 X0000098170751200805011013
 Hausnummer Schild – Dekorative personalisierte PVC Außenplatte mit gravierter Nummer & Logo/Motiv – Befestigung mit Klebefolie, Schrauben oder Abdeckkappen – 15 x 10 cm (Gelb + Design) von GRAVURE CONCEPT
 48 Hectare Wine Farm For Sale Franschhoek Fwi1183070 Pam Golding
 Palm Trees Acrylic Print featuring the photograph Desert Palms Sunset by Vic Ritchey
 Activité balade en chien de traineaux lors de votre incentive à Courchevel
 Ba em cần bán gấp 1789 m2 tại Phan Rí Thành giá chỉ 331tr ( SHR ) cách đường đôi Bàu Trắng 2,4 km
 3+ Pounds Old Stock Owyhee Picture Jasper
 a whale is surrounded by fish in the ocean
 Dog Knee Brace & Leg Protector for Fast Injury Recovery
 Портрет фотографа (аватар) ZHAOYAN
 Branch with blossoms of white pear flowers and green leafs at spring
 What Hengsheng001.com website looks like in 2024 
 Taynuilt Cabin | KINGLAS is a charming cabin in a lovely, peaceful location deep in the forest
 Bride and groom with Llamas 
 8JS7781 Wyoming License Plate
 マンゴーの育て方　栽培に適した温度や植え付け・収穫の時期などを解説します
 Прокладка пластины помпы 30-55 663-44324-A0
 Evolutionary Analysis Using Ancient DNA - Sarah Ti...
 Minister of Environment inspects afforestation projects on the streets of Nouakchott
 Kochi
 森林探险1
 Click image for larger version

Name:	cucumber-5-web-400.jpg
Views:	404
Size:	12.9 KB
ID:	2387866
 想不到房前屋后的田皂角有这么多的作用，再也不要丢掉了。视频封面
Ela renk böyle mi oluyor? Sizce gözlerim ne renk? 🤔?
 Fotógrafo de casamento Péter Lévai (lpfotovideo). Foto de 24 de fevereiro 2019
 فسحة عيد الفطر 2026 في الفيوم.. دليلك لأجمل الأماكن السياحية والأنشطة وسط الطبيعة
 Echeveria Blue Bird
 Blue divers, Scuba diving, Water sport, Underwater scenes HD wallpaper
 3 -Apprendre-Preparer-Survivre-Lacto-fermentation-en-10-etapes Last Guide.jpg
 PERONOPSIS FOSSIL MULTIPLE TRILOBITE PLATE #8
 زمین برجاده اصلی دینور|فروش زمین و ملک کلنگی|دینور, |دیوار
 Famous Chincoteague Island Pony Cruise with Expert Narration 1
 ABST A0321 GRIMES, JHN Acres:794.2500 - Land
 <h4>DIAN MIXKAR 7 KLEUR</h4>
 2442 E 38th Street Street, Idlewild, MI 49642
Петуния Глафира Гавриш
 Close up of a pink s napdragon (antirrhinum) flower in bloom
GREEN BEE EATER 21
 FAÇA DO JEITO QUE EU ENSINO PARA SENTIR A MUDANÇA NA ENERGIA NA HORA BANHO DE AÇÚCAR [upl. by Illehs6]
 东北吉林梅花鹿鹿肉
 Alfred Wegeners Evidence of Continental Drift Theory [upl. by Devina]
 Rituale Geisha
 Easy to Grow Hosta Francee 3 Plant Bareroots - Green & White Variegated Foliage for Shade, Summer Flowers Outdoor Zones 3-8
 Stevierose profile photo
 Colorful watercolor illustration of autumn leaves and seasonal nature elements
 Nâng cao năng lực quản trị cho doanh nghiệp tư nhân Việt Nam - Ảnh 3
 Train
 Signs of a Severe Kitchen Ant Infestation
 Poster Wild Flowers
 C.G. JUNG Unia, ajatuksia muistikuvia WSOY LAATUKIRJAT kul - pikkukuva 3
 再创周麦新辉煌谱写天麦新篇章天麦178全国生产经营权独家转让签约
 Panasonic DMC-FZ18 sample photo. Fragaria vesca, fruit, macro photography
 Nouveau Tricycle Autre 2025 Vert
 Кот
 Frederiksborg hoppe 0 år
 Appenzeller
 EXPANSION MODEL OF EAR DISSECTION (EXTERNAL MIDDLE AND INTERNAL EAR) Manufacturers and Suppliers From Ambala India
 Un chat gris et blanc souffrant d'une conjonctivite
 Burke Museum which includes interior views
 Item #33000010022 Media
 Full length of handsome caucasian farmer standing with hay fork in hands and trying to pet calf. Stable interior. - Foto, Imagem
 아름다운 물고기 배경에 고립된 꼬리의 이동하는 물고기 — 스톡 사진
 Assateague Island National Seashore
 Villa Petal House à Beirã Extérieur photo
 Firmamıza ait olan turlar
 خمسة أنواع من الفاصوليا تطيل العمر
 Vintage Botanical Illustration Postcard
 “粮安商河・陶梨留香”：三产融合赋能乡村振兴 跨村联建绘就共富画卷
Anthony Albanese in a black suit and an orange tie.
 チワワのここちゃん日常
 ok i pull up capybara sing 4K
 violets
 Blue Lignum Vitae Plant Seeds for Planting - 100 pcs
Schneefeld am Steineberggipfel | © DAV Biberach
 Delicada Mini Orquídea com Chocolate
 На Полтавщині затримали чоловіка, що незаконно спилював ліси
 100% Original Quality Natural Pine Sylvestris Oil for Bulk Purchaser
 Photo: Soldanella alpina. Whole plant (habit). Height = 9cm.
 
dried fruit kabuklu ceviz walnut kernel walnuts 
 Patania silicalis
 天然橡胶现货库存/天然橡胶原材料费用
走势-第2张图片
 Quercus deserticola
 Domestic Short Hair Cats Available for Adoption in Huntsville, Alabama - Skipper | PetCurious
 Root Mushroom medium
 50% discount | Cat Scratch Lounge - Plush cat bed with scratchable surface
__________________________________________________
* [What to do]:
Please set down the material above once more, word for word.

* [Output of the task]:
 X0000098170751200805011013
 Hausnummer Schild – Dekorative personalisierte PVC Außenplatte mit gravierter Nummer & Logo/Motiv – Befestigung mit Klebefolie, Schrauben oder Abdeckkappen – 15 x 10 cm (Gelb + Design) von GRAVURE CONCEPT
 48 Hectare Wine Farm For Sale Franschhoek Fwi1183070 Pam Golding
 Palm Trees Acrylic Print featuring the photograph Desert Palms Sunset by Vic Ritchey
 Activité balade en chien de traineaux lors de votre incentive à Courchevel
 Ba em cần bán gấp 1789 m2 tại Phan Rí Thành giá chỉ 331tr ( SHR ) cách đường đôi Bàu Trắng 2,4 km
 3+ Pounds Old Stock Owyhee Picture Jasper
 a whale is surrounded by fish in the ocean
 Dog Knee Brace & Leg Protector for Fast Injury Recovery
 Портрет фотографа (аватар) ZHAOYAN
 Branch with blossoms of white pear flowers and green leafs at spring
 What Hengsheng001.com website looks like in 2024 
 Taynuilt Cabin | KINGLAS is a charming cabin in a lovely, peaceful location deep in the forest
 Bride and groom with Llamas 
 8JS7781 Wyoming License Plate
 マンゴーの育て方　栽培に適した温度や植え付け・収穫の時期などを解説します
 Прокладка пластины помпы 30-55 663-44324-A0
 Evolutionary Analysis Using Ancient DNA - Sarah Ti...
 Minister of Environment inspects afforestation projects on the streets of Nouakchott
 Kochi
 森林探险1
 Click image for larger version

Name:	cucumber-5-web-400.jpg
Views:	404
Size:	12.9 KB
ID:	2387866
 想不到房前屋后的田皂角有这么多的作用，再也不要丢掉了。视频封面
Ela renk böyle mi oluyor? Sizce gözlerim ne renk? 🤔?
 Fotógrafo de casamento Péter Lévai (lpfotovideo). Foto de 24 de fevereiro 2019
 فسحة عيد الفطر 2026 في الفيوم.. دليلك لأجمل الأماكن السياحية والأنشطة وسط الطبيعة
 Echeveria Blue Bird
 Blue divers, Scuba diving, Water sport, Underwater scenes HD wallpaper
 3 -Apprendre-Preparer-Survivre-Lacto-fermentation-en-10-etapes Last Guide.jpg
 PERONOPSIS FOSSIL MULTIPLE TRILOBITE PLATE #8
 زمین برجاده اصلی دینور|فروش زمین و ملک کلنگی|دینور, |دیوار
 Famous Chincoteague Island Pony Cruise with Expert Narration 1
 ABST A0321 GRIMES, JHN Acres:794.2500 - Land
 <h4>DIAN MIXKAR 7 KLEUR</h4>
 2442 E 38th Street Street, Idlewild, MI 49642
Петуния Глафира Гавриш
 Close up of a pink s napdragon (antirrhinum) flower in bloom
GREEN BEE EATER 21
 FAÇA DO JEITO QUE EU ENSINO PARA SENTIR A MUDANÇA NA ENERGIA NA HORA BANHO DE AÇÚCAR [upl. by Illehs6]
 东北吉林梅花鹿鹿肉
 Alfred Wegeners Evidence of Continental Drift Theory [upl. by Devina]
 Rituale Geisha
 Easy to Grow Hosta Francee 3 Plant Bareroots - Green & White Variegated Foliage for Shade, Summer Flowers Outdoor Zones 3-8
 Stevierose profile photo
 Colorful watercolor illustration of autumn leaves and seasonal nature elements
 Nâng cao năng lực quản trị cho doanh nghiệp tư nhân Việt Nam - Ảnh 3
 Train
 Signs of a Severe Kitchen Ant Infestation
 Poster Wild Flowers
 C.G. JUNG Unia, ajatuksia muistikuvia WSOY LAATUKIRJAT kul - pikkukuva 3
 再创周麦新辉煌谱写天麦新篇章天麦178全国生产经营权独家转让签约
 Panasonic DMC-FZ18 sample photo. Fragaria vesca, fruit, macro photography
 Nouveau Tricycle Autre 2025 Vert
 Кот
 Frederiksborg hoppe 0 år
 Appenzeller
 EXPANSION MODEL OF EAR DISSECTION (EXTERNAL MIDDLE AND INTERNAL EAR) Manufacturers and Suppliers From Ambala India
 Un chat gris et blanc souffrant d'une conjonctivite
 Burke Museum which includes interior views
 Item #33000010022 Media
 Full length of handsome caucasian farmer standing with hay fork in hands and trying to pet calf. Stable interior. - Foto, Imagem
 아름다운 물고기 배경에 고립된 꼬리의 이동하는 물고기 — 스톡 사진
 Assateague Island National Seashore
 Villa Petal House à Beirã Extérieur photo
 Firmamıza ait olan turlar
 خمسة أنواع من الفاصوليا تطيل العمر
 Vintage Botanical Illustration Postcard
 “粮安商河・陶梨留香”：三产融合赋能乡村振兴 跨村联建绘就共富画卷
Anthony Albanese in a black suit and an orange tie.
 チワワのここちゃん日常
 ok i pull up capybara sing 4K
 violets
 Blue Lignum Vitae Plant Seeds for Planting - 100 pcs
Schneefeld am Steineberggipfel | © DAV Biberach
 Delicada Mini Orquídea com Chocolate
 На Полтавщині затримали чоловіка, що незаконно спилював ліси
 100% Original Quality Natural Pine Sylvestris Oil for Bulk Purchaser
 Photo: Soldanella alpina. Whole plant (habit). Height = 9cm.
 
dried fruit kabuklu ceviz walnut kernel walnuts 
 Patania silicalis
 天然橡胶现货库存/天然橡胶原材料费用
走势-第2张图片
 Quercus deserticola
 Domestic Short Hair Cats Available for Adoption in Huntsville, Alabama - Skipper | PetCurious
 Root Mushroom medium
 50% discount | Cat Scratch Lounge - Plush cat bed with scratchable surface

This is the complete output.